Roadnovel eines Paares, das innerhalb von zwei Wochen eine Beziehung durchlebt

Musik begleitet die Reise eines eigenartigen Paares von Seattle nach San Diego und schließlich nach Los Angeles. Doch nicht die großen Städte sind ihre Stationen, sondern die Orte aus « June on the West Coast » von Conor Oberst und den Bright Eyes geben die Route ihrer Reise durch den Westen der Vereinigten Staaten vor. Der Ich-Erzähler, ein Schriftsteller, und Ora haben sich bei einer Hochzeit kennengelernt und sind geflohen, gleich nach Amerika. Gemeinsam haben beide eigentlich nur, dass sie die gleichen Antidepressiva nehmen und kaputte Beziehungen hinter sich haben. Der Erzähler, Anfang 50, ist von Lynn, seiner Frau verlassen worden, einfach so, ohne Gespräch, ohne Nachricht. Er macht eine Therapie. Ora, Anfang 40, hat Jasper, ihren Soh;, der Mann ist irgendwie auch weg, es gibt ein „anderen Mann“. Ein Aufenthalt in der geschlossenen Psychiatrie liegt schon länger zurück. Der Erzähler berichtet, manchmal an eine Person gerichtet, wohl seine Therapeutin, die ihm von Ora und der Reise mit ihr abgeraten hat. Natürlich werden die beiden ein Liebespaar, sie erzählen einander ihr Leben, streiten einmal ein bisschen und fliegen zusammen nach Hause. Auf dem Flug beschließen sie, ihre Tabletten abzusetzen. Ob das genügt, auf ein Happy End  hoffen zu dürfen, bleibt offen. Es ist eine Erzählung, die fast wie ein Drehbuch detailgenau schildert, wie die Orte, die Landschaften, die Hotels, die Zimmer aussehen, was gegessen und vor allem getrunken wird (ziemlich viel Alkohol), immer wieder unterbrochen von Erinnerungen an die Zeit mit Lynn, Gesprächen mit Ora, manchmal leise ironischen, aber auch oft nah am Pathos liegenden Formulierungen, wie zum Beispiel „Männer waren Herbergslose“ (S. 104) oder „als wir … die Wüste durchfuhren, breitete sich ein Gefühl fassungsloser Frömmigkeit in mir aus“ (S. 158).

Didaktische Hinweise

Roadnovel, ein Liebespaar auf Reisen – verglichen wurde der Roman im Feuilleton mit Tucholskys „Rheinsberg“ und Max Frischs „Montauk“, in dem die Geliebte ebenfalls Lynn heißt.
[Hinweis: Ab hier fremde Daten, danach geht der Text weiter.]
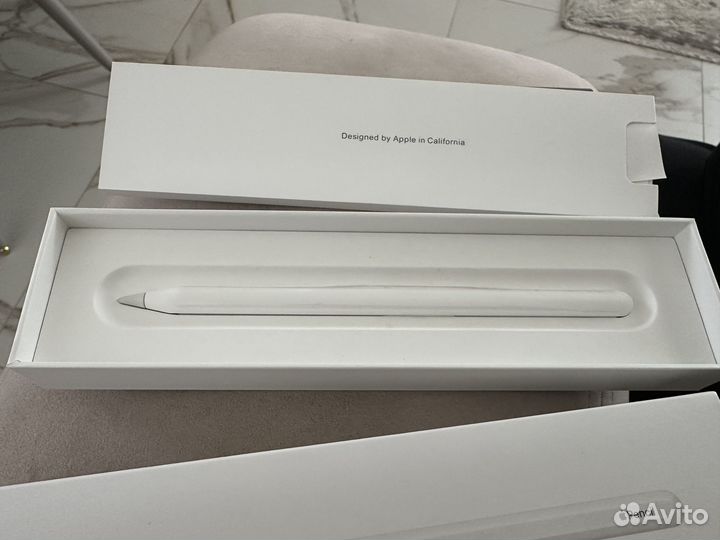 Стилус apple pencil 2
Die Musik nachzuhören und Textbezüge über die Ortsnamen hinaus aufzuspüren, macht Spaß. Der Aufbau ist leicht nachzuvollziehen: dreizehn Kapitel, dreizehn Stationen oder Etappen, am Schluss der Song-Text. Der Münchner Autor erhielt 2008 den Döblin-Preis. Sein Roman „Die Herrlichkeit des Lebens“ über Kafkas letzte Liebe Dora Diamant ist zu Recht viel beachtet worden.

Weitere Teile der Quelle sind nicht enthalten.